The reliability of these authoritative servers is crucial. If they are out of action, no names under the domain that they serve will function. One of the essential tasks of the registry therefore is to keep these servers running around the clock, 365 days a year, despite physical breakdowns, network outages and various attacks. Each server whose name appears in the DNS is thus composed of several physical machines located in different places.

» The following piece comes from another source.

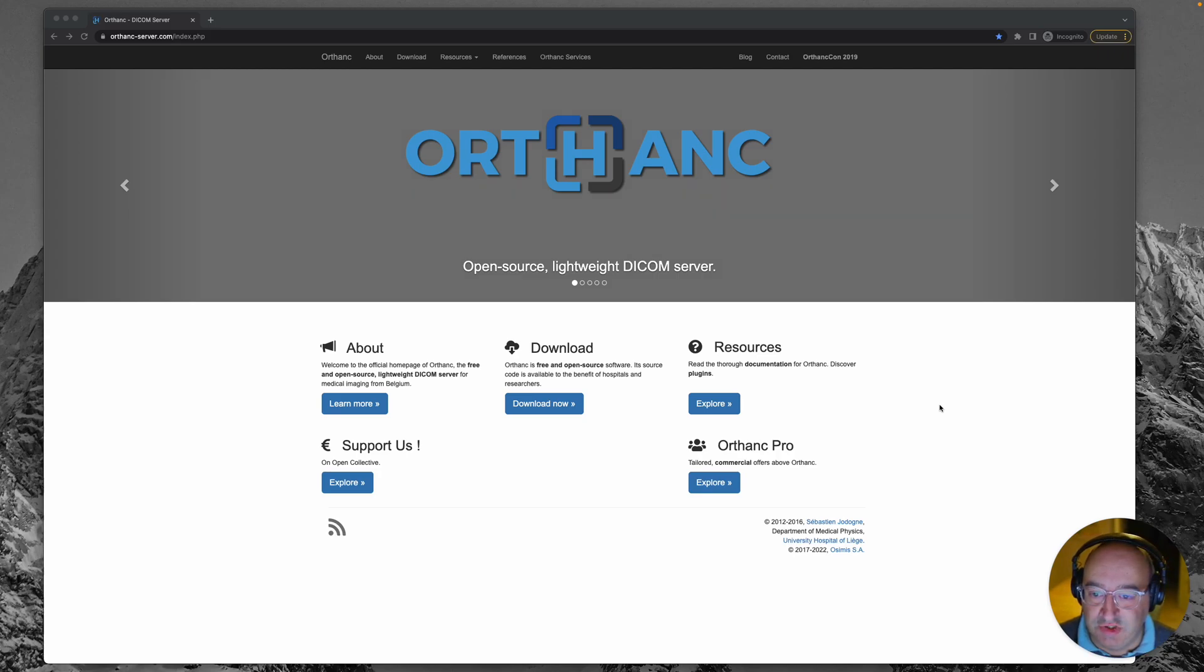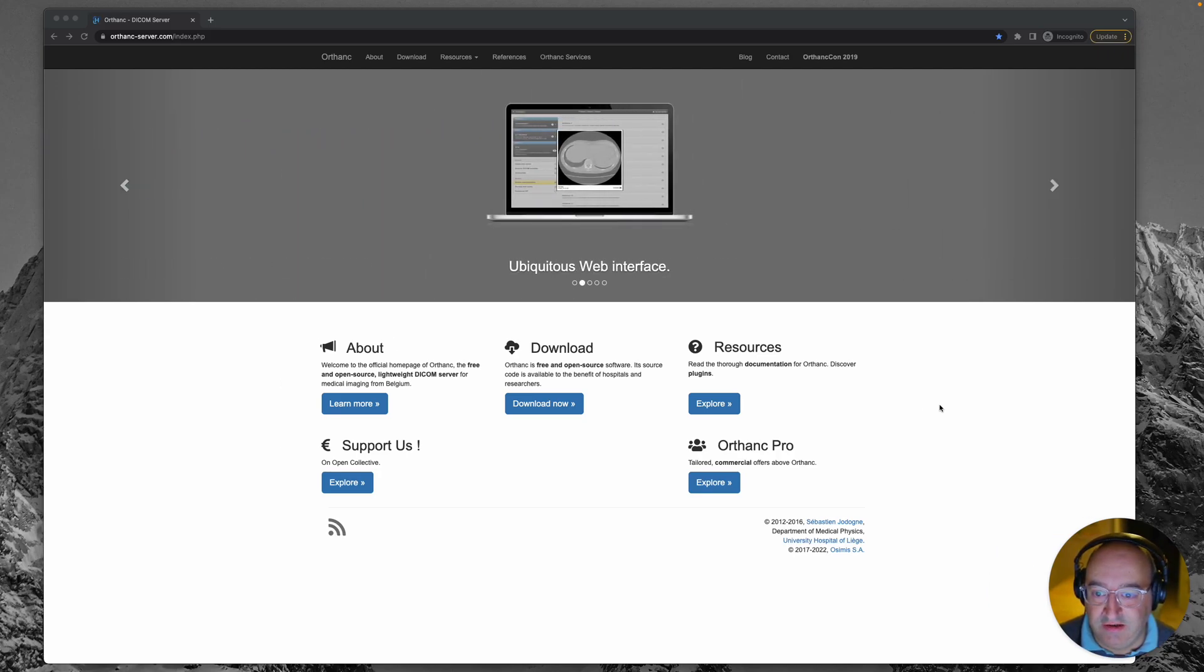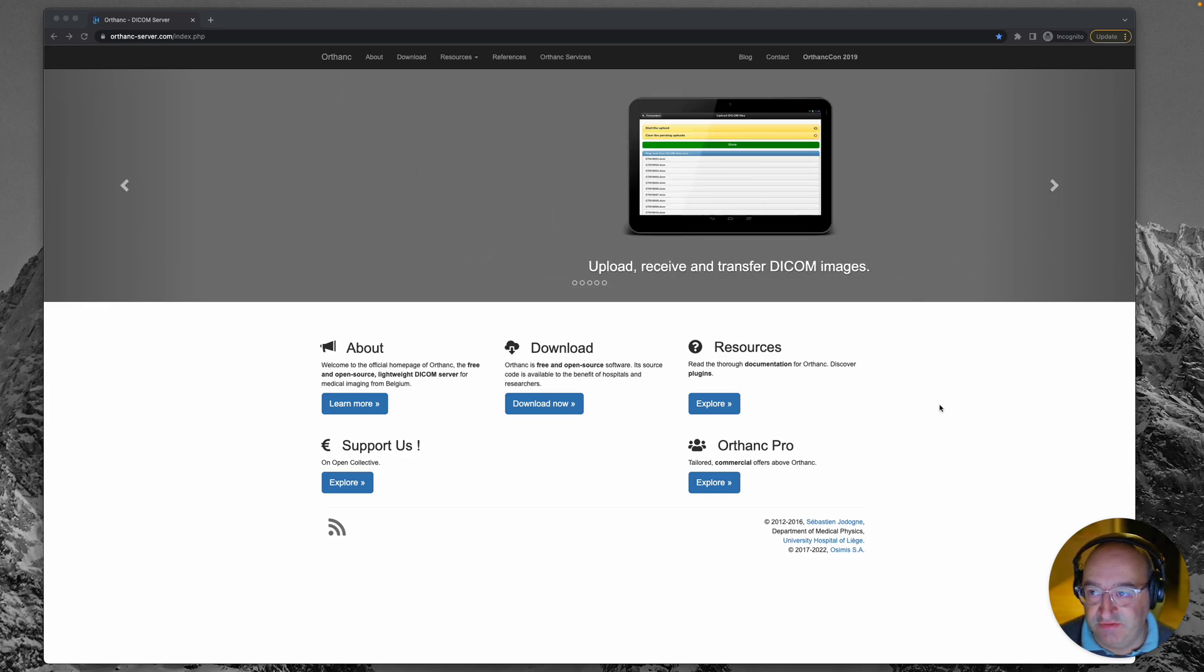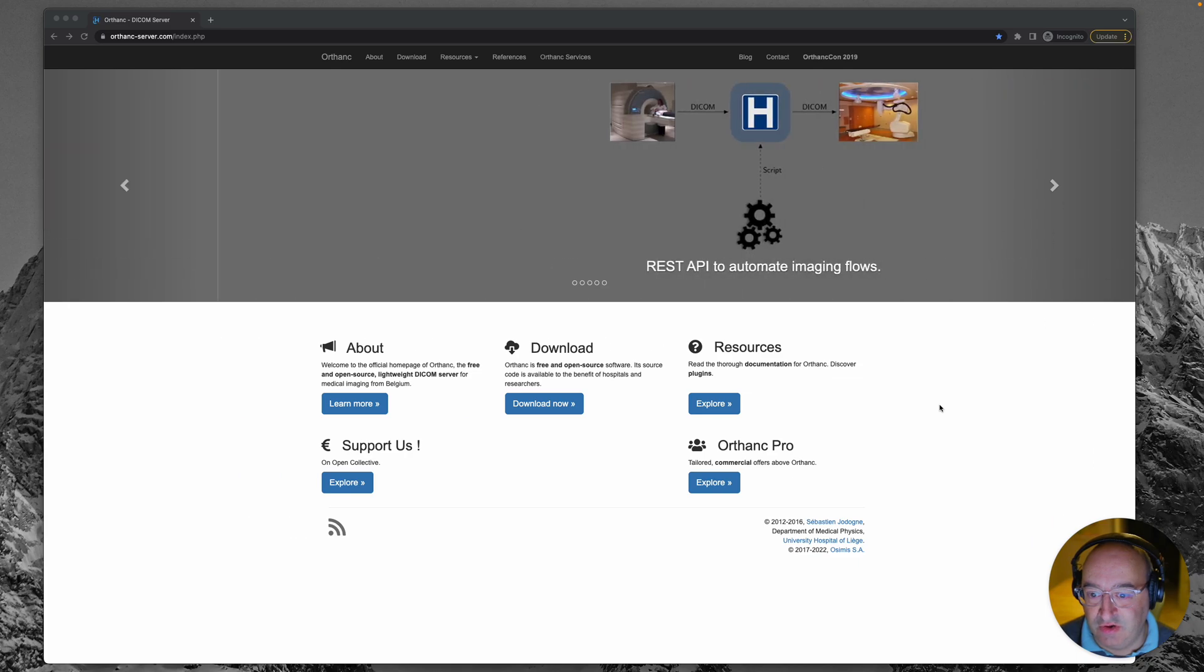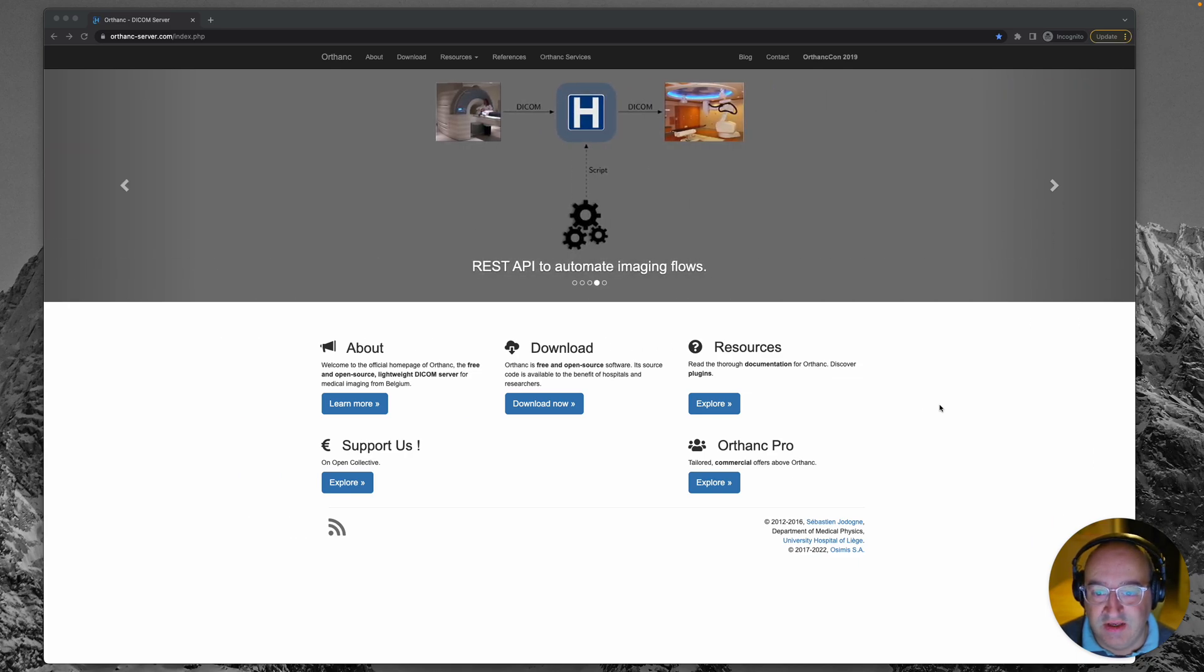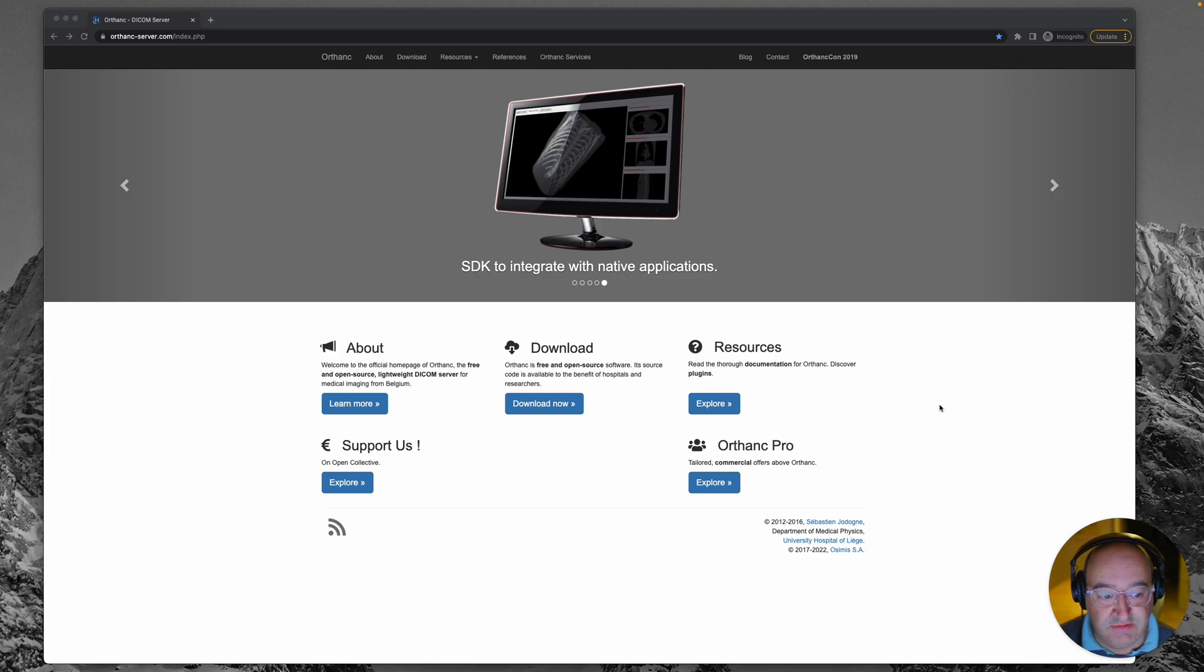Hey there and welcome to my short series on Orthanc. Orthanc is an open source PACS server which you can find at orthanc-server.com. It's free and open source which means that you can put it to many uses.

(A technical aside: not all DNS servers are authoritative servers. Some are resolvers, which don’t know any domains themselves but know who to ask. These resolvers are typically managed by your Internet access provider or by the IT department of the organisation you work for. These resolvers remember the questions recently asked and the corresponding replies, as a result of which they sometimes transmit slightly dated information. So not every change in the registry will be immediately visible everywhere. For more on the functioning of DNS, watch the Afnic video.)
The model presented here assumes a registry that does everything itself, but some registries make use of various levels of sub-contracting. Some registries sub-contract part of the authoritative servers, for example to ensure diversity, in token of robustness. Such is the case of .fr (with server names, those that include an ‘ext’ are external to Afnic, and a cryptographic technique, DNSSEC, ensures that they do not alter the data). Some other registries sub-contract the entire DNS hosting. And some also sub-contract the management of the database, with the associated services such as EPP or RDAP, retaining the political, legal and commercial responsibilities.
The registry has many other responsibilities. If it simply stuck to putting information in a database, it wouldn’t be such a big deal. But it also carries out many other tasks, of which this article presents only some. Let’s wrap things up with one of these tasks, and a crucial one at that: data back-up. Equipment may break down, causing files to be lost. A successful attack may also lead to the loss or non-availability of data. The registry must therefore carry out frequent back-ups, verify them, store them securely, etc. (Some registries, such as .fr, are also subject to a data escrow obligation, entrusting periodically a copy of the data to a third-party body to prepare for any eventuality.)